Laicità e ordine pubblico

Il dibattito intorno all’ordinanza del sindaco di Varese, relativo al divieto di portare il burqua, sia viziato dal consueto difetto italiano di affrontare gli argomenti sistematicamente nel modo sbagliato.

In Francia, Paese laico per eccellenza, è vietato portare il burqua in pubblico: si tratta, secondo le motivazioni del legislatore transalpino, di ‘ostentazione religiosa': che non ha nulla, ma proprio nulla a che vedere con gli esempi che vengono fatti per giustificare il divieto del sindaco di Varese, primo fra tutti, la corretta osservazione secondo la quale in Italia non è consentito andare in giro travisati con sciarpe, passamontagna o con un casco in testa, a parte quando si è in moto, o comunque con il volto celato.

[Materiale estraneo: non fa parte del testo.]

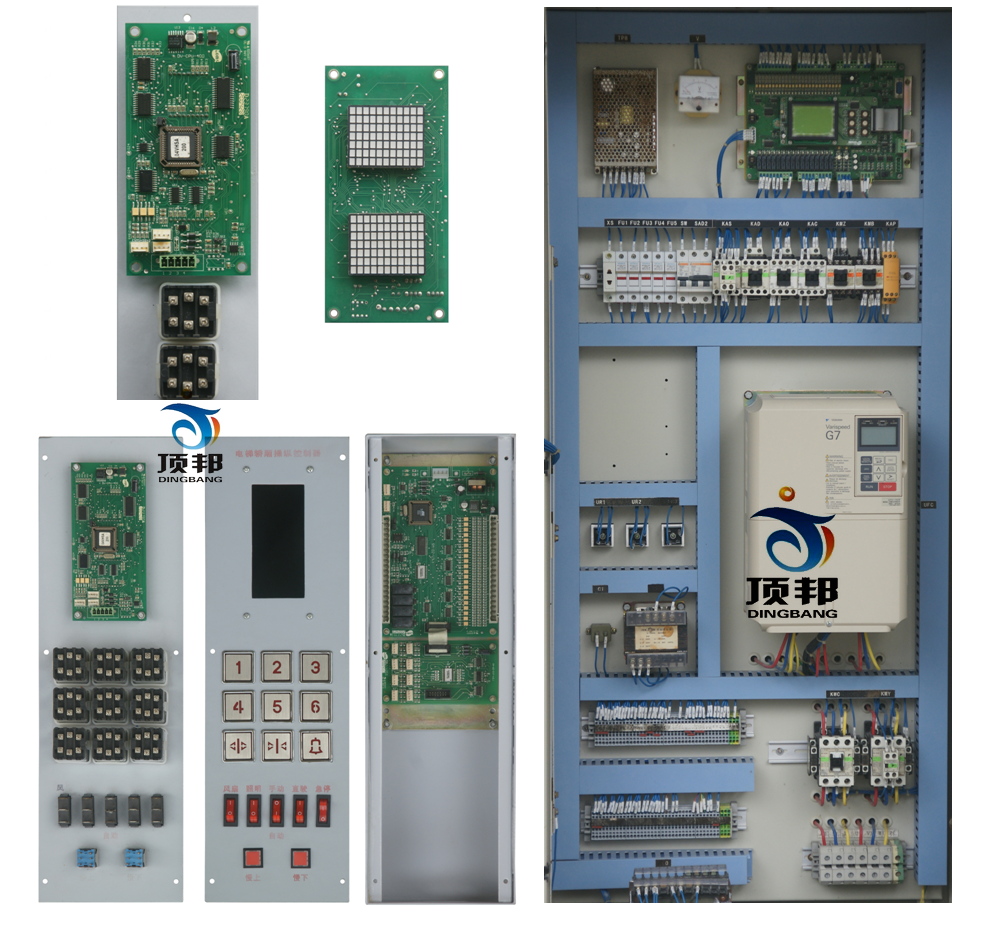 ���늚���Ʋ���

Fa specie sentire persone come Emma Bonino esprimersi in questi termini: tale divieto risale alla cosiddetta ‘Legge Reale’, una delle più liberticide mai approvate dalla Repubblica Italiana. In questo modo – a parte la smemoratezza di chi a quella legge si oppose, insieme ad altri milioni di italiani – si confonde una legge ordinaria (che può piacere o meno, poco importa sul punto) che può essere abrogata, sottoposta a referendum, modificata eccetera, con un principio – quello della laicità – che dovrebbe presiedere nel concreto uno Stato come il nostro.

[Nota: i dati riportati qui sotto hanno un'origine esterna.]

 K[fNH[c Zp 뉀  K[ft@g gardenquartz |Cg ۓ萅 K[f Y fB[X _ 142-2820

Per dire, in Francia è consentito camminare per strada con il casco in testa: non esiste una legge proibitiva, in proposito. Ad ogni modo, il dibattito così impostato rischia, come sempre, di sviare il discorso dalla vera essenza della questione, cioè, ancora una volta, la laicità dello Stato, dove solo ad appartenenti a ordini religiosi può essere consentito di muoversi in pubblico con vestiario e simboli religiosi, senza offendere la sensibilità di nessuno né il primato dello Stato sulla religione.

Abbiamo, non lontano da noi, uno Stato ‘democratico’, Israele, nel quale cittadini non appartenenti a ordini religiosi ostentano in pubblico simboli religiosi quali un copricapo identificativo di quello specifico credo religioso, proprio perché non si tratta di uno Stato laico, che specialmente negli ultimi decenni è palesemente sottoposto al dominio di una minoranza religiosa ultraortodossa, razzista e – se permettete – misogina e sessista.

Se una persona ama indossare divise militari, paludarsi di simboli religiosi, camminare tenendo alto in vista un crocifisso sanguinante, appendere manifesti di Hitler, lo faccia a casa sua. In pubblico, no, non è cosa. Non da Paese laico. E la spregevole Legge Reale non c’entra assolutamente niente.